Problem to work on: Nothing but the lines from the one containing "Krajowe zawody lotnicze" through the end of the data should be retyped, exactly as they stand, and pictures should not be retyped.

[Records from a data source]
----------
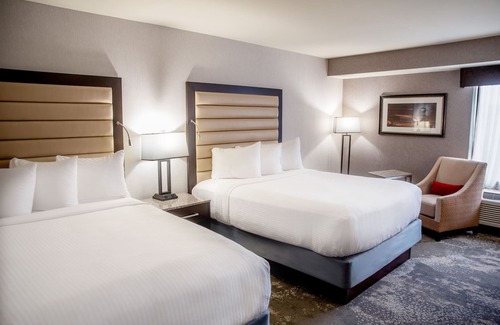 Madison Hotel | The Madison Concourse Hotel and Governor's Club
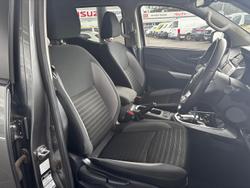 2024 Nissan Navara ST-X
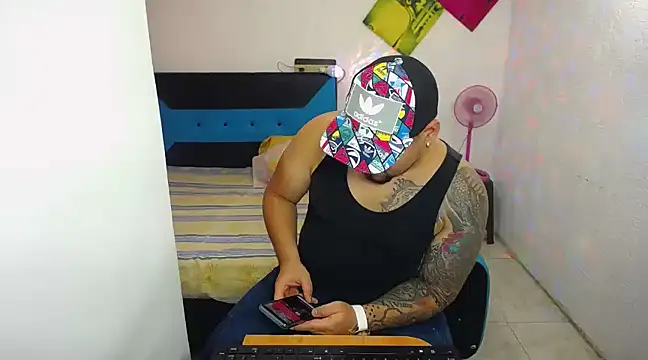 Snapshot of pitbullveryhot chatting on March 13, 3:33 am pitbullveryhot online show from March 13, 3:33 am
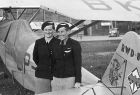 Krajowe zawody lotnicze na Lotnisku Mokotowskim w Warszawie; sierpień 1938. Pilot Wanda Modlibowska (z prawej) i pilot Ewa Korczyńska przy samolocie RWD-8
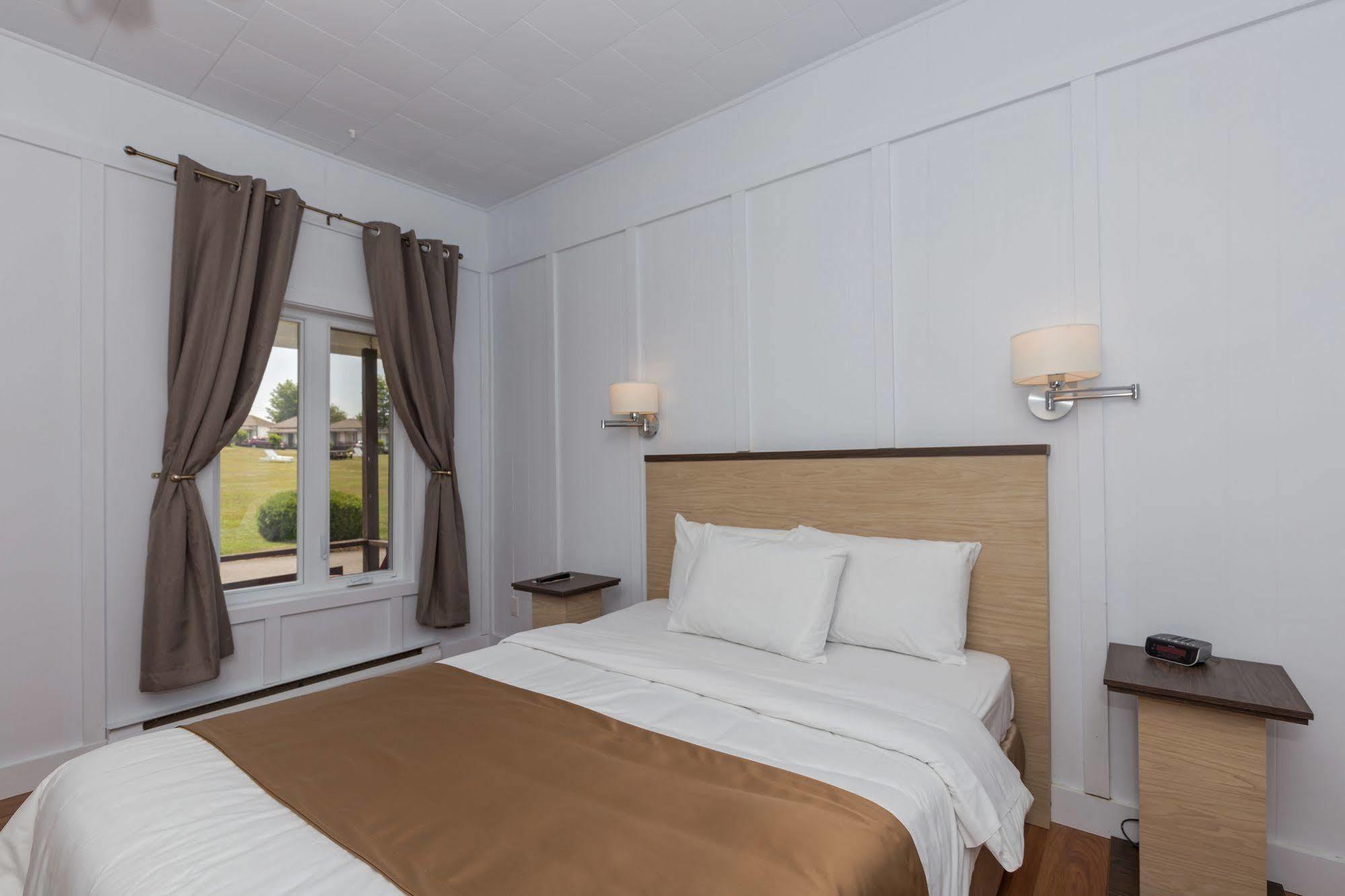 Motel Au Fleuve D'Argent Riviere-du-Loup Ngoại thất bức ảnh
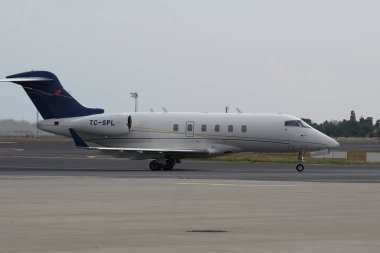 ISTANBUL, TURKIYE - 08 Ekim 2022: Tarkim Havacılık Bombacısı BD-100-1A10 Challenger 300 (20424) İstanbul Atatürk Havalimanı 'nda taksicilik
----------
Task response:
 Krajowe zawody lotnicze na Lotnisku Mokotowskim w Warszawie; sierpień 1938. Pilot Wanda Modlibowska (z prawej) i pilot Ewa Korczyńska przy samolocie RWD-8
 Motel Au Fleuve D'Argent Riviere-du-Loup Ngoại thất bức ảnh
 ISTANBUL, TURKIYE - 08 Ekim 2022: Tarkim Havacılık Bombacısı BD-100-1A10 Challenger 300 (20424) İstanbul Atatürk Havalimanı 'nda taksicilik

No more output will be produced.